I'm not really following what you're saying. Sorry. Let's say ND is at 2036.5 gold is at 651.30. What's the next step?

I've found the most effective method is to take historical one day (/ one hour / five minute...what ever duration you like) % price change of the insturments you're comparing and enter the historic prices in excel. Then run the 'CORREL' function.

So your suggestion is to line up each days percent change in two columns in excel. Then run CORREL function?

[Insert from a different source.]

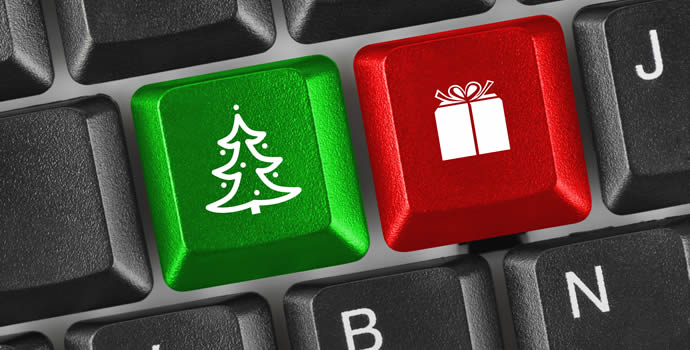 Christmas online store keyboard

He suggests taking the logarithm of the price, because the lognormal distribution is bounded from below by zero, just like asset prices (they can't have a negative price). (Someone correct me if I remember wrong) Take the log of each price, find the Covariace between asset A and B and their STD. Correlation = Cov(A,B)/ (STD(A)*STD(B)). -Neo

first, scaling is not relevant when using correlation, since correlation subtracts the mean of every variable and divides by the std. second, i don't understand the log suggestion somebody gave you. either you're interested in the variables correlation or in their logs correlation. the log-normal distribution isn't relevant IMO. third, the first value issue you've mentioned is not relevant if your data is long enough. (you can try and see) fourth, i would suggest calculating a "sliding correlation": decide the time period which is relevant (according to your system e.g. 20 days or so) and calculate the correlation of each 20 values. meaning: correlation(var1(i:i+19),var2(i:i+19)) and than correlation(var1(i:i+19),var2(i:i+19)) etc. this way you could find areas in time where the correlation had skew and maybe see the reasons why this happed. it's easy to do even with excel. hope this helps

Neo dude is correct. The formula he refers to is the same as the function 'Correl' in Excel. the function just saves the bother of typing it out in the worksheet. it's a good methodology and I've written pairs trading models (for equities) using this.

Alright so I got correlation down. Gives you values between 1 and -1. So I'm assuming the higher the hist. correl. and higher the price divergence . . . the better chances the gap should close?